Research Statement
My research studies how large language models (LLMs) and large vision-language models (LVLMs) understand, reason about, and interact with geospatial information. Maps play a central role in how people understand places, environments, and spatial relationships. However, modern AI systems often struggle to interpret spatial relationships, incorporate geographic context, or answer questions that require multi-step spatial reasoning.
To bridge this gap, I design evaluation frameworks, benchmarks, and analytical methods that reveal not only where models succeed or fail, but why. I focus on advancing models’ capabilities in spatial reasoning, which includes understanding topological and directional relationships, interpreting map symbols and semantics, and integrating multimodal geographic context for more reliable decision-making.
Ongoing Projects
FARON: Synthetic Cartographic Reasoning Dataset
A synthetic dataset of step-by-step cartographic reasoning tasks, designed to benchmark and improve the spatial and map-based reasoning capabilities of LVLMs.

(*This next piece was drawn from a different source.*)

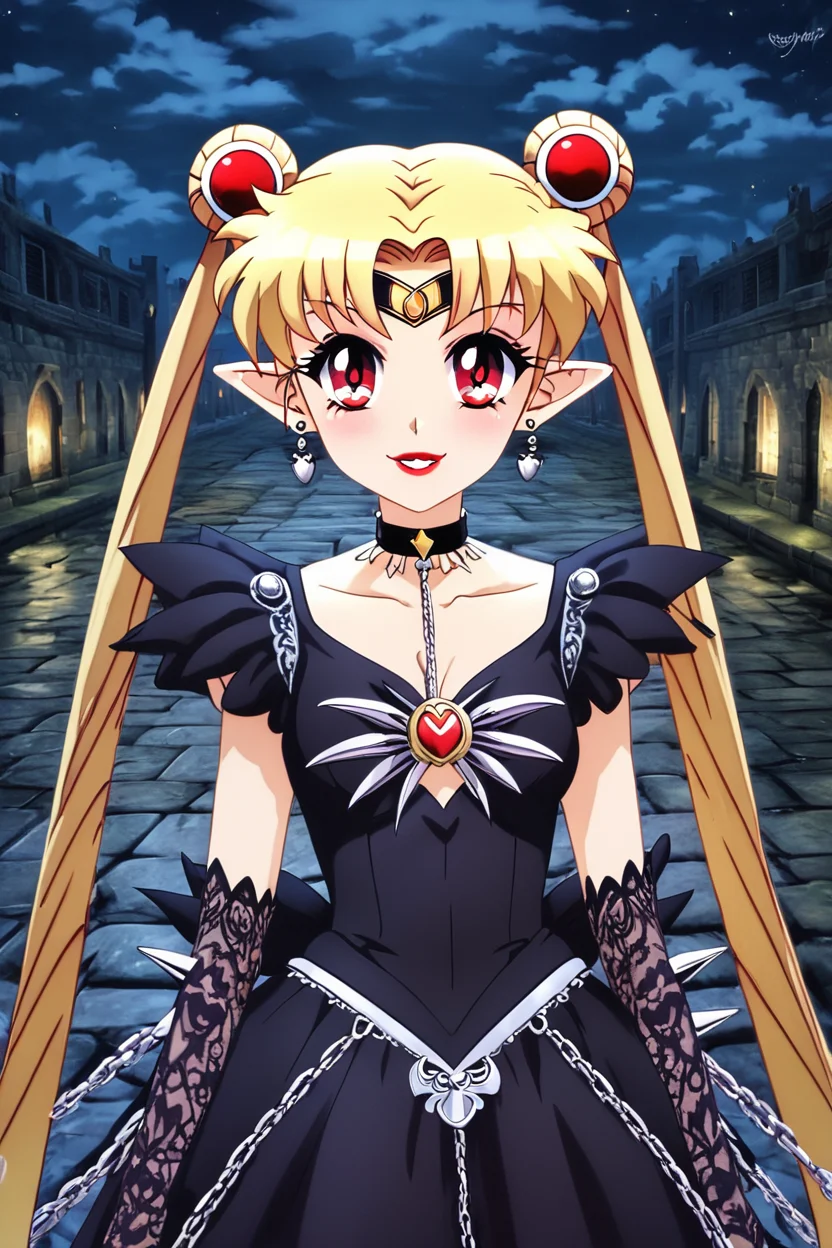 score_9, score_8_up, score_8, medium breasts, (curvy), cute, eyelashes, BREAK, , ,,, <lora:CruelMoon_PDXL:0.8>, zzCruelMoon, long hair, twintails, tsukino usagi, blonde hair, jewelry, hair bun, double bun, sailor moon, very long hair, choker, chain, spikes, gothic, parted bangs, red eyes, earrings, dress, makeup, holding, necklace, lipstick, black dress, pointy ears, night, ,,, , BREAK, (warm colors), smile, looking at viewer, cowboy shot, ,,, embedding:zPDXL, Expressiveh, ,,, <lora:PrismaIllya_PDXL_v3:1.0>, <lora:SDXLFaeTastic2400:0.5>, <lora:Expressive_H-000001:0.4>,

Enhancing Cartographic Reasoning of LVLMs through Template-Based Reasoning
Developing structured reasoning templates to guide LVLMs in complex cartographic tasks. This research aims to enhance model accuracy and efficiency by providing explicit reasoning pathways for map-based queries, reducing token cost and improving correct answer rates.
MARCIE: Improving 4D Data Comprehension of LVLMs
Research focused on improving how LVLMs comprehend 4D data (3D objects changing over time), and modifying model architecture, such as positional encoding, to better understand and reason about complex spatio-temporal information.